A map preserving the monoid structure is a "monoid homomorphism;" a map preserving the semigroup structure is a "semigroup homomorphism;" etc.
Question: Now suppose I start with the topological space axioms and start dropping conditions.  Do the resulting sets of axioms have names?  What about the maps preserving such structure -- do they have names?  In particular, what about the smallest case of a sets equipped with some subset of their powersets, together with functions such that the preimage of a designated set is a designated set?
 A: The notion of a forgetful functor is the right mathematical setting for your question.
Rephrasing your examples, there is a natural forgetful functor from the category of groups to the category of monoids, another one from the category of monoids to the category of semigroups and yet another one from the category of semigroups to the category of magmas.
However, forgetful functors do not really answer your question, since they do not infer in general any new terminology. (I added the category-theory tag to your question to see whether category theorists have further insight on your question).
Coming back to your last example, I don't know if there is a specific name for the structure you describe.

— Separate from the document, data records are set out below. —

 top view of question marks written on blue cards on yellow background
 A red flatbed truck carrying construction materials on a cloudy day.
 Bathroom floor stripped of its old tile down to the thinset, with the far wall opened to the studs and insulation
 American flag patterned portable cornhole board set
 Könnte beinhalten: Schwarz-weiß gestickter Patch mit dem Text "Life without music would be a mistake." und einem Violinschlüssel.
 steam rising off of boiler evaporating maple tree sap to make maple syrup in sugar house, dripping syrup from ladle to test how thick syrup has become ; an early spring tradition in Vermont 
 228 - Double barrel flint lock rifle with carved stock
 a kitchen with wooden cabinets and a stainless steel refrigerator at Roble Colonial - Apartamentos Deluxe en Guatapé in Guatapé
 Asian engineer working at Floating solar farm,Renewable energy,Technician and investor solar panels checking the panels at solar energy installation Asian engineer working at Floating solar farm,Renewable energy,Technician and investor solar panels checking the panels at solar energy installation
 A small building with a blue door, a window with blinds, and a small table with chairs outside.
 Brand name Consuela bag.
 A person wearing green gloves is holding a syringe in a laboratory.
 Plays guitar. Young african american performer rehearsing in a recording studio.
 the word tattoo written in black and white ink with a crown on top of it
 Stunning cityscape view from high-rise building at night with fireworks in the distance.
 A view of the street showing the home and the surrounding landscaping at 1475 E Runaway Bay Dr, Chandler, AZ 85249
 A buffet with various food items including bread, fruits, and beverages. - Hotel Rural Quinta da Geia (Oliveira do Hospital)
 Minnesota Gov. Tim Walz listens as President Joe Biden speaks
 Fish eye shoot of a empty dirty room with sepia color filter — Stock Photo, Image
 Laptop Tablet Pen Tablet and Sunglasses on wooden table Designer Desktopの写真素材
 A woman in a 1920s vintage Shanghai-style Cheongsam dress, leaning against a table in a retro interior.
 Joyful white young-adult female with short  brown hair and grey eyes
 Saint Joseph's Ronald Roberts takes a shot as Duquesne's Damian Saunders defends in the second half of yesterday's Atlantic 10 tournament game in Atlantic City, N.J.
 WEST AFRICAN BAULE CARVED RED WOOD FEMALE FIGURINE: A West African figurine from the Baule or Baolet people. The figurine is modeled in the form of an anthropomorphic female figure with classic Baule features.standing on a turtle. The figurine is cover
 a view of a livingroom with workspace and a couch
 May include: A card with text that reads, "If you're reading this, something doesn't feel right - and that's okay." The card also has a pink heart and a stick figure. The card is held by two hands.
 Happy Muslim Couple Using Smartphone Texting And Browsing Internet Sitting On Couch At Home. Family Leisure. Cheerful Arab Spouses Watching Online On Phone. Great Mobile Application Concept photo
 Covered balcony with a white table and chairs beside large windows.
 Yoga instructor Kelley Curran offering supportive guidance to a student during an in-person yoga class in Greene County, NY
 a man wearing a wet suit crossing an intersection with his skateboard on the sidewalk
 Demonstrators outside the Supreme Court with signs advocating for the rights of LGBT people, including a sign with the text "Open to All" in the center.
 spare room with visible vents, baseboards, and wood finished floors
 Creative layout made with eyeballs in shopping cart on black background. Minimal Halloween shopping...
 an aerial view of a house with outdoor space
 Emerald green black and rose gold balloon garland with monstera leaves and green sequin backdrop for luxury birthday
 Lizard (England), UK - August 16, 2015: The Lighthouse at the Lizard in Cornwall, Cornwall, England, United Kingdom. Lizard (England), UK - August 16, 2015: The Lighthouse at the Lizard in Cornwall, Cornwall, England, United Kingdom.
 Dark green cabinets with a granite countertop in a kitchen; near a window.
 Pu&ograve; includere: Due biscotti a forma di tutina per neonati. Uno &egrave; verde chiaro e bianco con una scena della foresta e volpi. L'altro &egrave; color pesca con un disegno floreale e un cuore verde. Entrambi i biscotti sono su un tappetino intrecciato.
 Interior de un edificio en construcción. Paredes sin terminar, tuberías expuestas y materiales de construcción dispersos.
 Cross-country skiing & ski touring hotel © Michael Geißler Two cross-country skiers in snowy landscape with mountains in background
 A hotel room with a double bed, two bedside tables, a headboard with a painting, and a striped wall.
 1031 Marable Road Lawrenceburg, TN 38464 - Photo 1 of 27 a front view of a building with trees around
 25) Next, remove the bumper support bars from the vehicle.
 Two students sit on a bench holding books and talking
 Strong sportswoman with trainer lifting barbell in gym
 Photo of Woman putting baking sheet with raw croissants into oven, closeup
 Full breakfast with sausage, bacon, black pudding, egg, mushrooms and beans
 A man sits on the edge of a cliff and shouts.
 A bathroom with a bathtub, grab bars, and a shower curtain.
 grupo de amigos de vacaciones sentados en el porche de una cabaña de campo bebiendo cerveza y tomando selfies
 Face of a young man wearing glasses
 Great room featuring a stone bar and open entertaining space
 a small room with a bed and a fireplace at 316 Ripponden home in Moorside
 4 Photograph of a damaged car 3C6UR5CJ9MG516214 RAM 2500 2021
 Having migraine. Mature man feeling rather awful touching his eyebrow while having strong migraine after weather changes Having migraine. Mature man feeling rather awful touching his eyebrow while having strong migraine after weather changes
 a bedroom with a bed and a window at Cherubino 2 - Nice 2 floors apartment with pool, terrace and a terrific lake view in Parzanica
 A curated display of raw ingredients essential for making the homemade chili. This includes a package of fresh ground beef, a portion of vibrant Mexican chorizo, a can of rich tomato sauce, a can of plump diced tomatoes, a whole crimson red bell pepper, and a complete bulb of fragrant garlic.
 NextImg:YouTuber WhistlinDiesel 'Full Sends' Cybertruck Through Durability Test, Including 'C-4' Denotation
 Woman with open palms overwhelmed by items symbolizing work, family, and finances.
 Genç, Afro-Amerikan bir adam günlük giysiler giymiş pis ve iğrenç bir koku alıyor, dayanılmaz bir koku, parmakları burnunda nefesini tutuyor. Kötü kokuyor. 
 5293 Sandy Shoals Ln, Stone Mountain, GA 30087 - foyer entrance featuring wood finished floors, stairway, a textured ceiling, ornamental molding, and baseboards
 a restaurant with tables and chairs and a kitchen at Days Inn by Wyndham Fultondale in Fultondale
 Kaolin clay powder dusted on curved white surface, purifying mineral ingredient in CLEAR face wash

However, there is a name for a slightly more restricted structure: a Pervin space is a pair $(X, \mathcal{L})$ where $X$ is a set and 
$\mathcal{L}$ is a lattice of subsets of $X$, that is, a subset of $\mathcal{P}(X)$ closed under finite unions and finite intersections. Contrary to topological spaces, the elements of $\mathcal{L}$ are not supposed to be closed under arbitrary unions, but just under finite ones. A morphism from the Pervin space $(X, \mathcal{L}_X)$ to the Pervin space $(Y, \mathcal{L}_Y)$ is a map $f: X \to Y$ such that, for every $S \in \mathcal{L}_Y$, $f^{-1}(S) \in \mathcal{L}_X$.